早川書房 「超新星紀元」 劉慈欣著 大森望、光吉さくら、ワン・チャイ訳 って本読みました。

 

私には駄目でした。

 

三体」を気に入った人が劉慈欣の他の本に興味を持っても同じように楽しめるとは限らないってことを今回主張してみたいです。

 

三体三部作を読んで「面白いことは面白かったけど、たまにひっかかる部分もある」という印象を持った人は、世の中にそれなりにいると思うんですけどどうでしょうか。ロボット美女智子の残虐日本人ムーブとか。

 

私はそうでした。「ひっかかりもあったけどそれ以上に面白いところだらけだったから総合的には好印象」って感じでした。特に三体2はそれでも超すごい!超面白い!と思ったのですから、面白いところは本当に面白いんです。

 

 

で、私は三体三部作を読んでから、期待を込めて劉の他の本、「三体0 球状閃電」「流浪地球」「老神介護」を読んでみたのですが、なんか、読むほどに「面白い」と「ひっかかる」の比率が逆転してく感じでした。

 

三体0は三部作ほどじゃないけど面白いと思えました。
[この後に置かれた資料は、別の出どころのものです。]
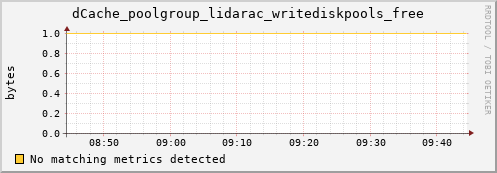 dolphin1.mgmt.grid.surfsara.nl dCache_poolgroup_lidarac_writediskpools_free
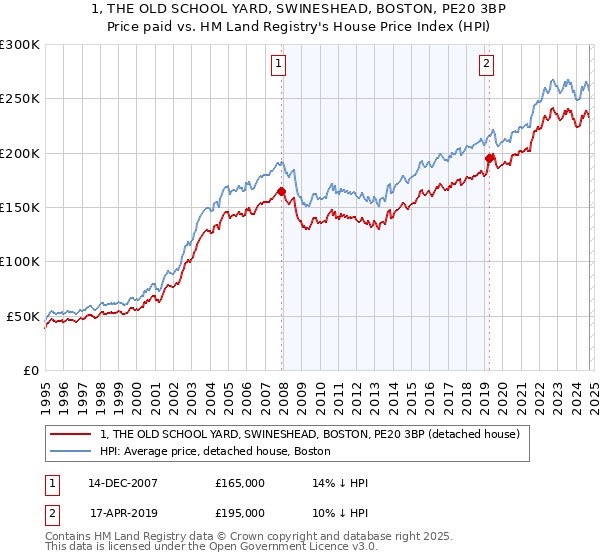 1, THE OLD SCHOOL YARD, SWINESHEAD, BOSTON, PE20 3BP: Price paid vs HM Land Registry's House Price Index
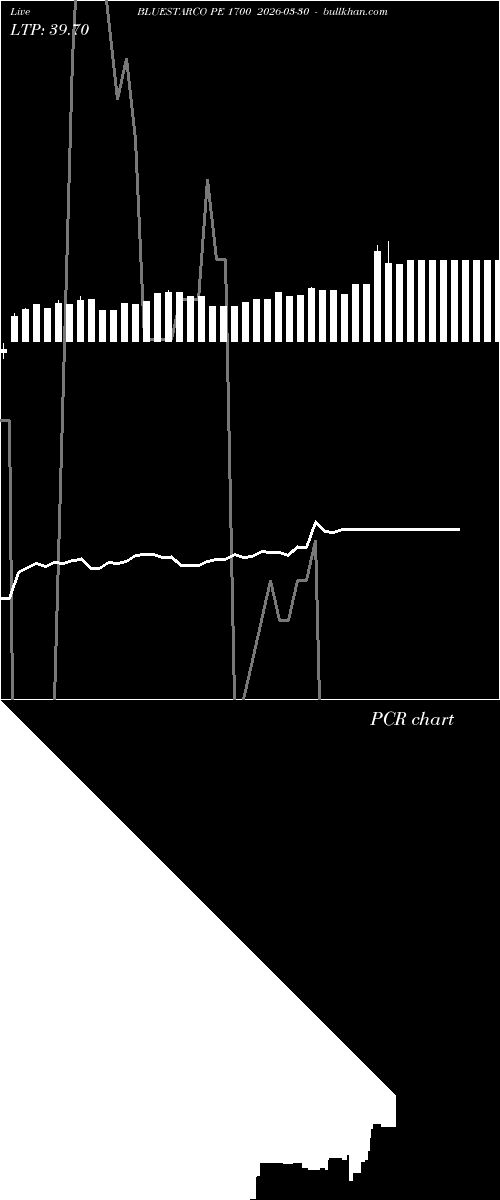  option chart BLUESTARCO PE 1700 2026-03-30 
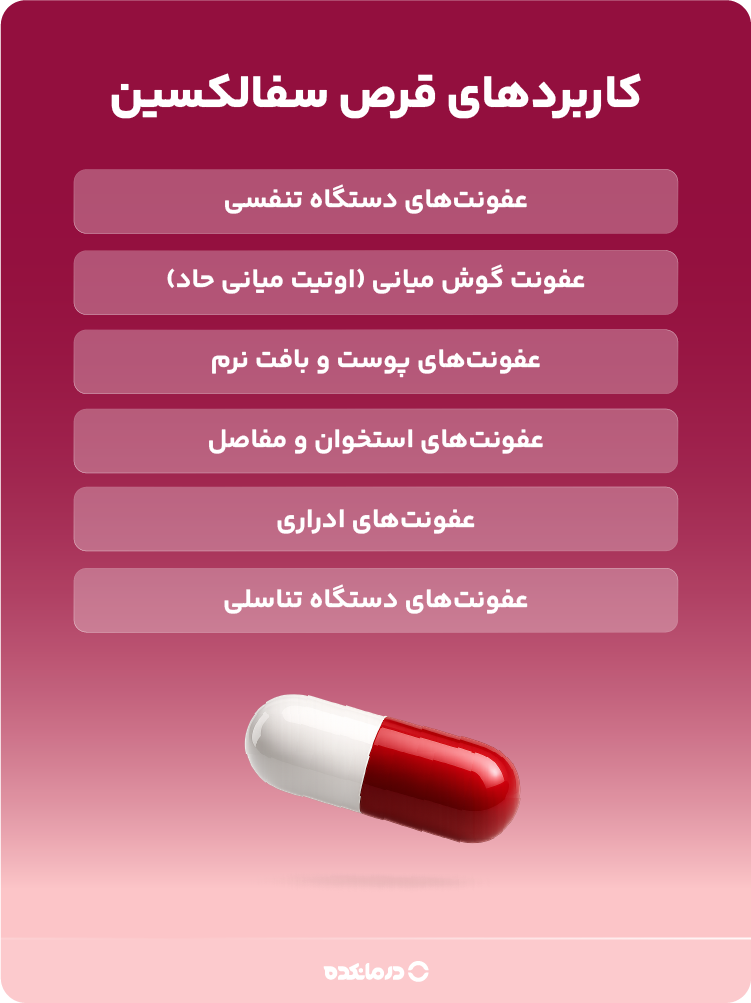اینفوگرافی کاربردهای قرص سفالکسین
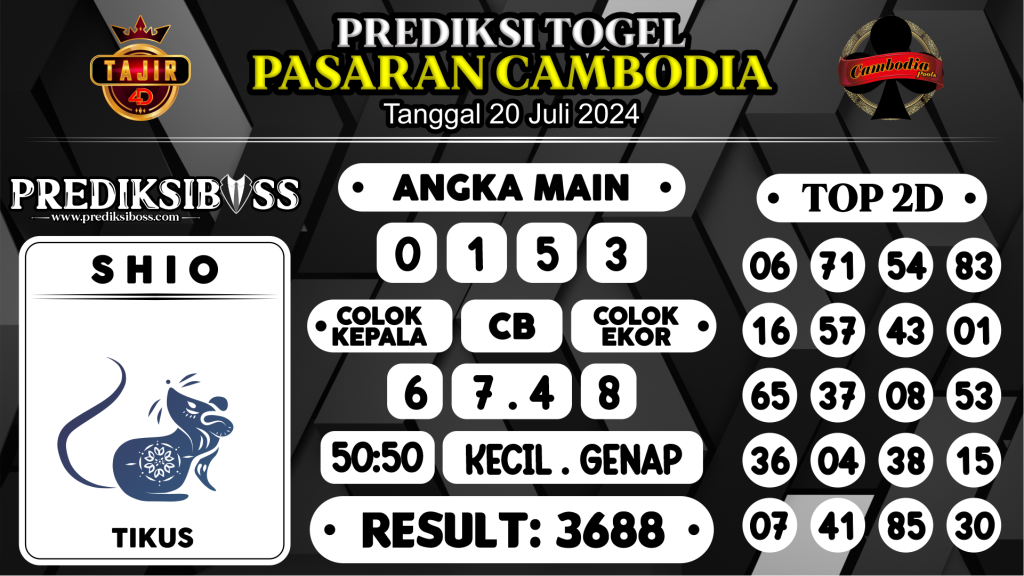 https://prediksibossjoss.com/prediksi-boss-togel-cambodia-sabtu-20-juli-2024/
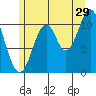 Hydaburg tide chart for Saturday, July 29, 2023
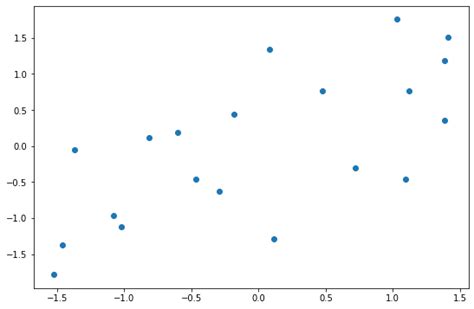 Machine Learning บทที่ 6: Feature Scaling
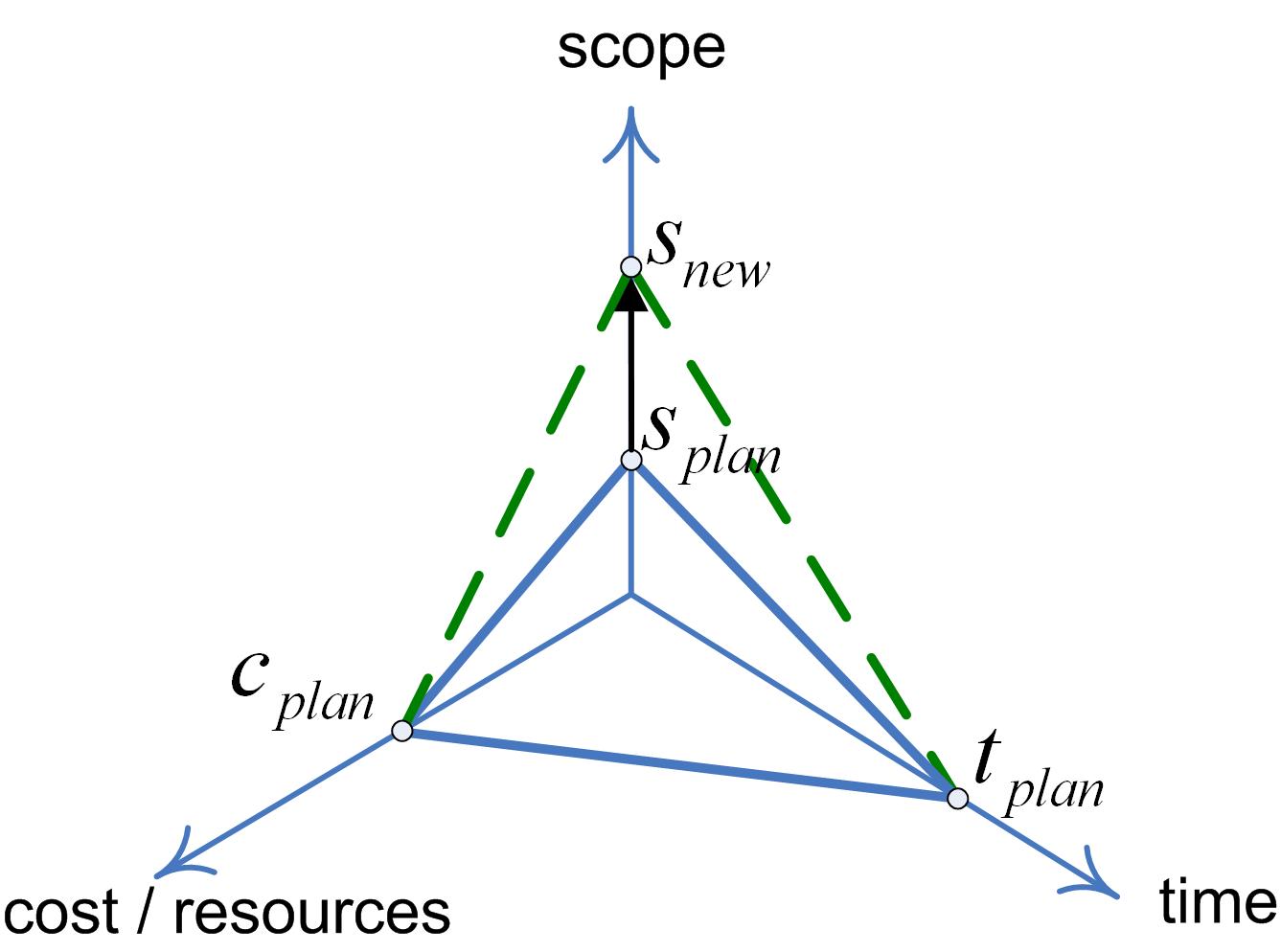 Project triangle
流浪地球と老神介護は読んでも特にブログに感想を書き残したいことは良くも悪くも浮かばずに「す~ん」って感じでした。そしてついにこの超新星紀元はマイナスになってしまいました。オチもよくわかんなかったです。なんでいきなり地球外に移住してるん?

 

 

 

この本で劉が描いてる中国の社会と世界各国の情勢は、中国共産党が挙げているプロパガンダそのまんまです。

 

そりゃ~ね、中国はああいう国なんですから、当局の意向に背くような本が出版できるわけがないに決まってますから、中国共産党や中国軍や国家主席を少しでも悪く描写することがあったら劉の命にマジで関わりますから、こんな世界観になるのは仕方ないです。三体もそうでしたし。

 

しかしこの本では劉はむしろ率先してノリノリで「中国最高!中国以外の国最低!」の世界観を嬉々として描いてるようにしか見えませんでした。それに戦争シーンも書くの楽しそうに感じました。彼は対外的には反戦や平和を望むコメントを発してますが、この本から実際に受けた印象はそれと正反対でした。

 

 

作中の日本、日本人の描かれ方はそれはもうひどくて、そんなんでいちいち感情的になって読むのやめるほどじゃないけど「この本の良い部分を見るようにしよう」とかいう意志を挫くにはじゅうぶんでした。なので非常に冷めた目で読み終えてしまいました。

 

 

この本が正式に中国内で発行されたのは2003年で、つまりは中国が抗日ドラマとかでとにかく日本や旧日本軍をひたすら残虐な悪党と言ってりゃそれでいいって時代でした。そのノリをひしひしと感じます。智子の比じゃないです。

 

アメリカ人やイギリス人の描写も似たり寄ったりで、本当に悪いステレオタイプに凝り固まってるキャラ設定でした。

 

子ども同士で殺し合おうと戦争ゲームを提案してくるのもアメリカ側、戦争ゲーム中に先にルール違反をしてくるのも中国以外の国だけ。中国マジ立派でマジ偉大。

 

この本はきっともとから中国内で中国人が自慰をするためだけの本なんです。なのに三体がなまじ世界的にヒットしたせいで外国語訳されてしまった可哀想な本なんだと思いました。

 

 

私はこの本の世界観を肯定するのはいろんな意味で無理でした。でも日本人でも護憲派かつ反政権かつ反捕鯨の人だったら大いに楽しめるでしょうから、そういう人にはお勧めです。

 

(日本首相の少年の名前が大西「文雄」ってのは偶然ですか?)

 

 

あれですね。もしメガネが現代にいたら、日本が福島第一原発のALPS処理水を海洋放出したことに対して「やれやれ、日本は全く歴史に学んでいないね。いつも空気や海を汚してばかりいる」なんて皮肉を言ってくるんでしょうね。

 

 

ふう。ま、いろいろと勉強になりました。自分とは遠い価値観に触れて視野が広がったのはいいことでした。また、この本が駄目だったからって三体が素晴らしかったことを否定するようなこともしたらいけないな、とも強く思いました。そんなことしたらそれこそ坊主袈裟のステレオタイプ野郎です。